Danni Jackson returns to lead George Washington

November 8, 2010

By David Driver
For the News & Messenger
Used with permission

The George Washington women’s basketball team had three players, two of them who are now upperclassmen, miss a large portion of last season with injuries.

But it was the absence of a true freshman, Danni Jackson that was just too much for head coach Mike Bozeman and his team to overcome.

“She is an additional coach on the floor. She brings that kind of experience,” said Bozeman, now in his third season. “Danni is just gifted. She gives us that X factor. We have that kind of (versatile) weapon with Danni on the floor. She handles the ball extremely well.”

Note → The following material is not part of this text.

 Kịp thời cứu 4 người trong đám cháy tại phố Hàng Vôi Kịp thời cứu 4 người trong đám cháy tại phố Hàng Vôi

She was among the top 100 point guards in her senior class at Forest Park when she arrived here in Foggy Bottom in 2009. But her promising freshman season ended in the fourth game of the season against nationally-ranked Michigan State when she sustained a broke left fibula at the 8:35 mark of the first half on Nov. 27, 2009 in Freeport, Bahamas.

“I think the most frustrating thing was that I could have helped the team if only I could play, and seeing the frustration on the team and that frustrated me, too,” said Jackson, 19, who helped lead Forest Park to four state playoff berths in Virginia. Jackson had 20 assists in just 103 minutes of action as a freshman, with 10 turnovers, before she got hurt. She averaged 8.8 points in the four games and is ready to pick up where she left off last year.

GW, an annual NCAA team for most of the past 20 years, struggled without the 5-foot-3 Jackson. The Colonials ended the year 6-22 overall and 3-11 in the Atlantic 10 Conference.

Ivy Abiona, a redshirt senior forward, said the injury to Jackson last season was a big blow. “We were getting a flow with the team,” said Abiona, who averaged 5.3 points and 5.8 rebounds per game in 20.7 minutes per contest during the 2008-09 season but then missed all of last season with an injury.

Junior forward/guard Tara Booker, who missed the last 20 games last season with knee pain, said of the loss of Jackson: “It was definitely a damper. It dampened our spirits.”

The Colonials open up the season Nov. 13 against Green Bay in the Best Buy Classic in Minneapolis. The non-conference schedule includes a home game Dec. 5 against George Mason, which beat GW by 10 points last season in Fairfax.

“It has been going well,” Jackson said. “We have been running something new every day. We are on a pace of where we want to go. We don’t have to re-learn things. It is more of getting back to game shape and getting back to what what we are used to.”

Jackson averaged 23.5 points per game as a senior at Forest Park and ended her career with 1,797 points. She picked GW over Wake Forest, Radford, Temple, South Florida and Middle Tennessee. Jackson spent part of last summer at home in Virginia but was also on the GW campus. She is majoring in business administration with a concentration in sports management.

“I am really looking forward to playing,” Jackson said. “I feel we will make the Atlantic 10 tournament and go far in the A-10 tourney. We have high expectations for each other. Everyone has improved so much.”